Provided material:

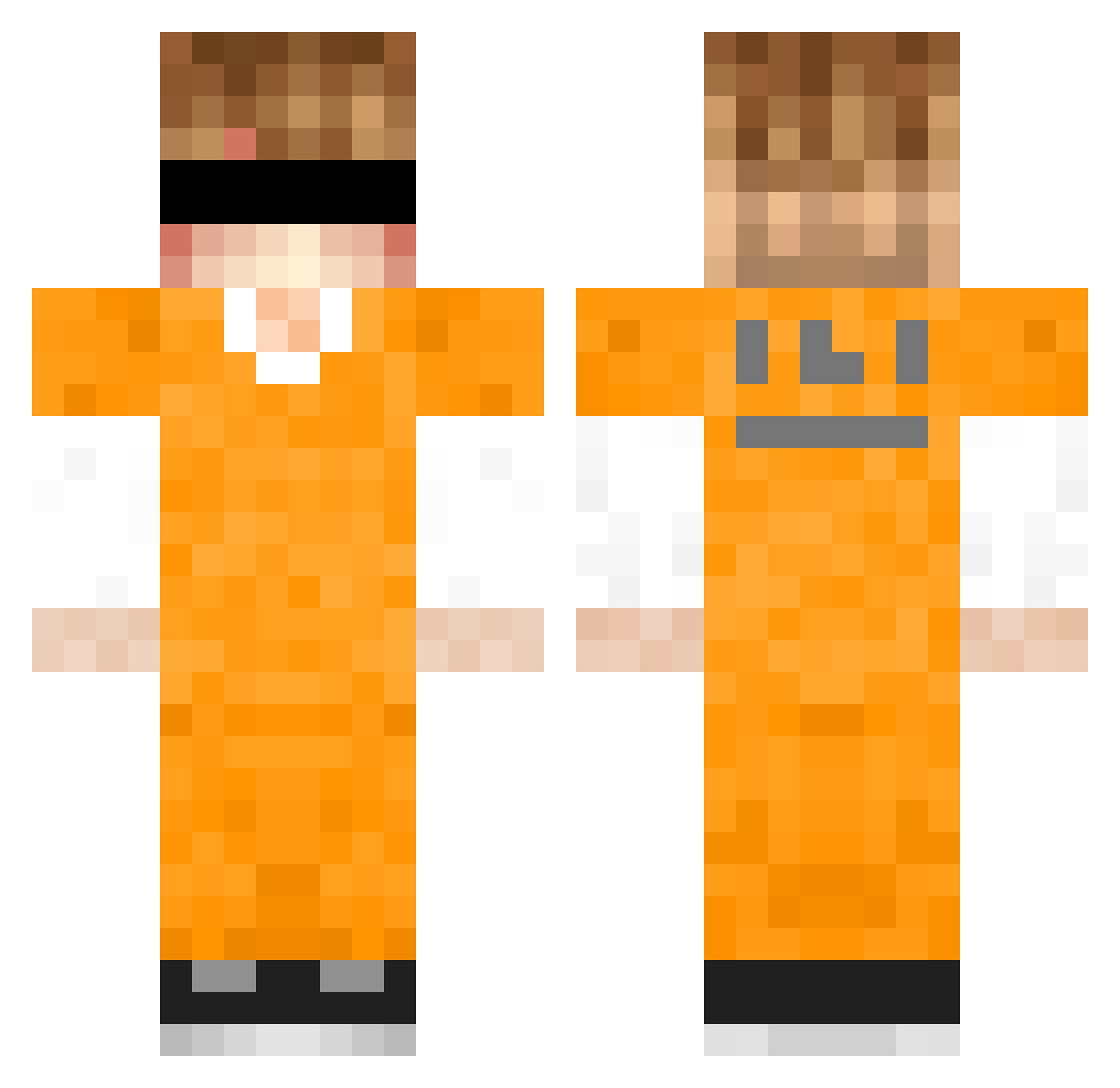 Noa3213033 Minecraft skin, front and back view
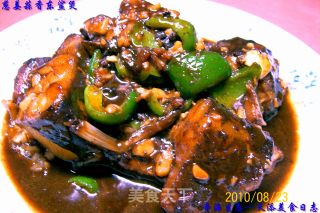 《金钩银杏钓东鲨》家宴红烧类海鲜菜肴的做法步骤：8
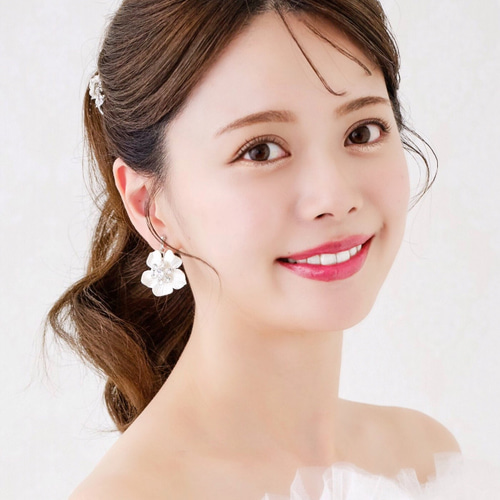 MA241 花 アレンジピン ヘアピン ウェディング ブライダル 花嫁 ヘッド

Exercise details: Please restate the whole listing exactly, without any of its pictures.

Response:
 Noa3213033 Minecraft skin, front and back view
 《金钩银杏钓东鲨》家宴红烧类海鲜菜肴的做法步骤：8
 MA241 花 アレンジピン ヘアピン ウェディング ブライダル 花嫁 ヘッド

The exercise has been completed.